|SPAETE, L - Idaho State University
|GLENN, N - Idaho State University
|DERRYBERRY, D - Idaho State University
|SANKEY, T - Idaho State University
Submitted to: International Journal of Remote Sensing
Publication Type: Peer Reviewed Journal
Publication Acceptance Date: 8/10/2010
Publication Date: 12/1/2011
Citation: Spaete, L.P., Glenn, N.F., Derryberry, D.R., Sankey, T.T., Hardegree, S.P. 2011. Vegetation and slope effects on accuracy of a LiDAR-derived DEM in the sagebrush steppe. International Journal of Remote Sensing. 2(4):317-326.
Interpretive Summary: LiDAR is a remote sensing tool for measuring topography, but it can also be used to estimate vegetation-canopy characteristics. Most vegetation applications, however, have been for relatively tall, forested vegetation. Shorter vegetation, of the type typically found in semi-arid rangelands, is sometimes difficult to distinguish from the underlying ground. In this study, LiDAR measurements were compared to detailed ground measurements to determine whether low-lying vegetation causes errors in estimates of ground topography, and whether these errors are affected by slope. Topographic errors were found to be relatively greater for shorter vegetation, and in areas with relatively low slope. At this time, detection of low-stature semi-arid shrubs is very near the detection threshold of LiDAR technology. Improvements in LiDAR-detection systems will greatly enhance our ability to understand and characterize these extensive semi-arid plant communities.

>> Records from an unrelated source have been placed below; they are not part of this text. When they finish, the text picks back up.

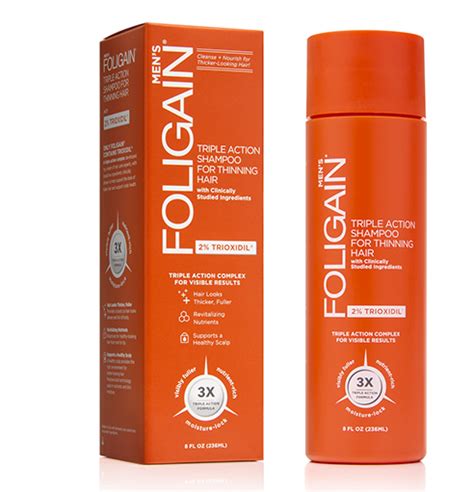 Foligain Triple Action Shampoo For Thinning Hair For Men With 2 Trioxidil Beauty Bridge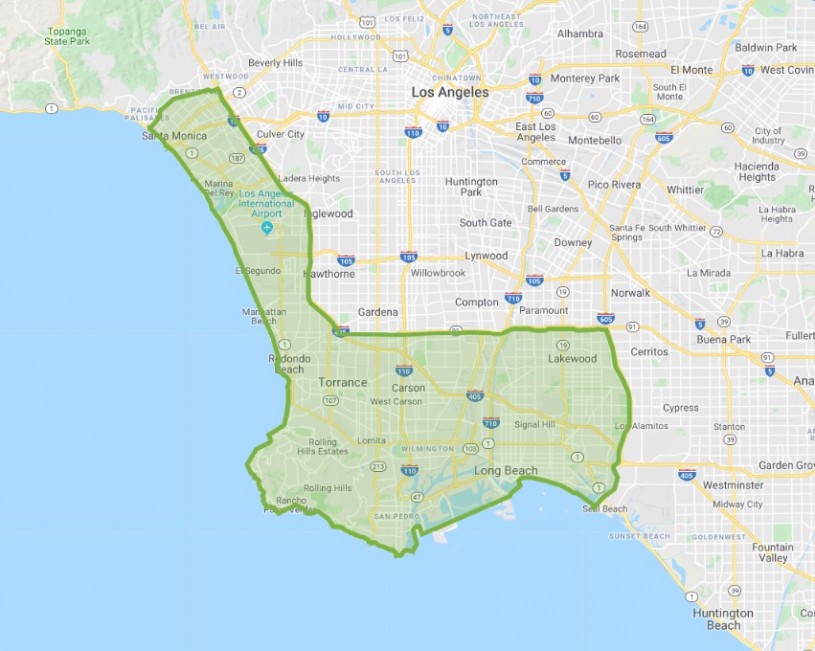 Map of the SuperProject 4 Boundary, on the coastal side of the 405 and 91 freeways from the Pacific Palisades to Long Beach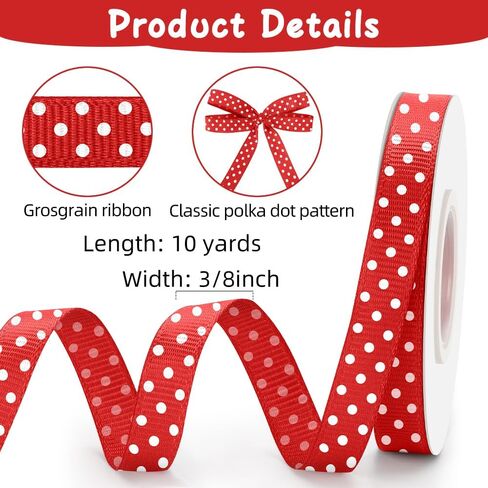 Polka Dot Red Ribbon 3/8 Inch 10 Yards Red with White Dots Ribbons for Crafts Grosgrain Ribbon for Gift Wrapping Flower Bouquet DIY Sewing Hair Bows Christmas Wedding Birthday Party Decorations in Kuwait
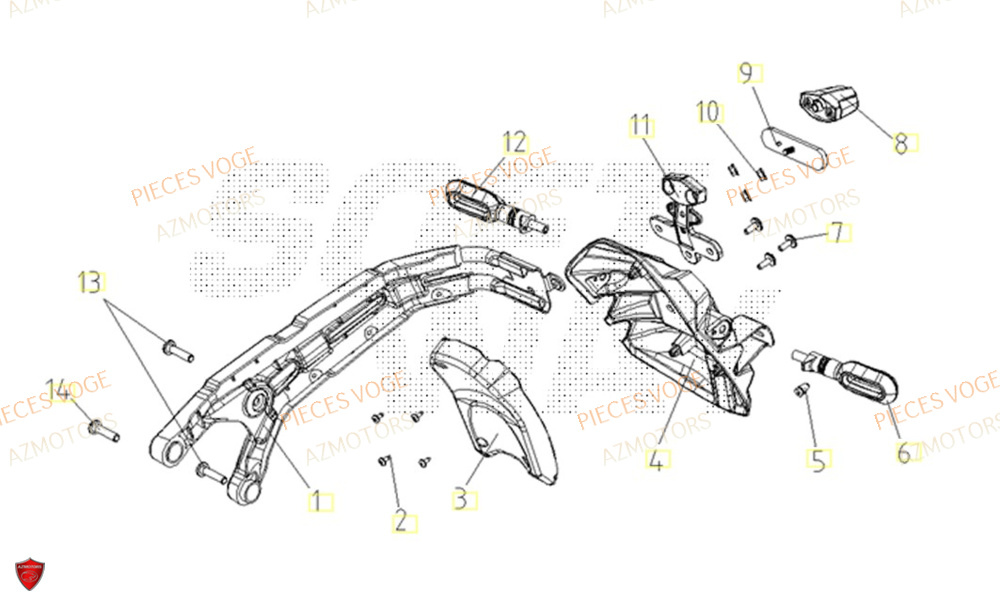 Garde Boue Arriere AZMOTORS Pieces VOGE 300 AC Euro4 - 2020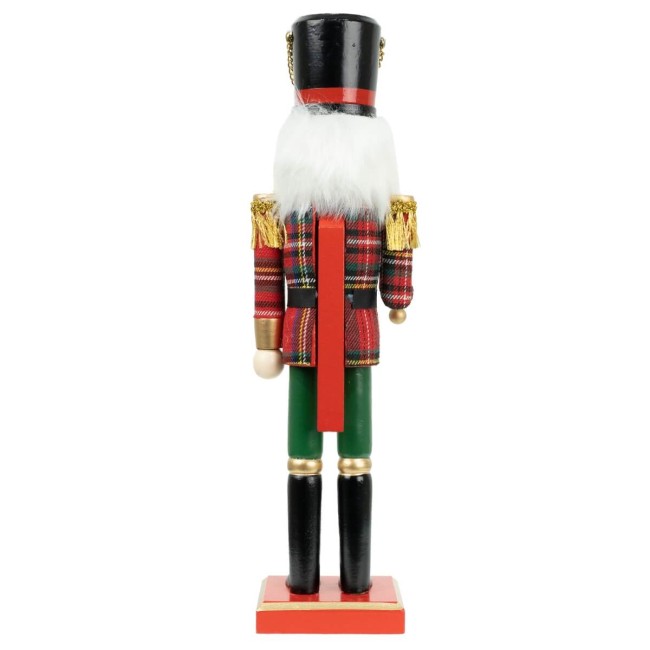 Schiaccianoci Natalizio con Spada e Giacca a Quadri H.38 cm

Technical Abstract: This study analyzed the errors associated with vegetation cover type and slope on a LiDAR derived DEM in a semiarid environment in southwestern Idaho, USA. Reference data were collected over a range of vegetation cover types and slopes. Reference data were compared to ground raster values and Root Mean Square Error (RMSE) was used to quantify errors. Results indicate that vegetation cover type and slope have statistically significant effects on the accuracy of a LiDAR-derived bare earth DEM. RMSE ranged from 0.072 to 0.220 m with the largest RMSE associated with low sagebrush and low slope environments. While the RMSEs in this study were lower than those reported by others, this study suggests that elevation errors in semiarid rangeland studies may equate to a significant portion of the vegetation height. In summary, further refinement of the accuracy of LiDAR systems may be needed for vegetation studies in rangeland environments.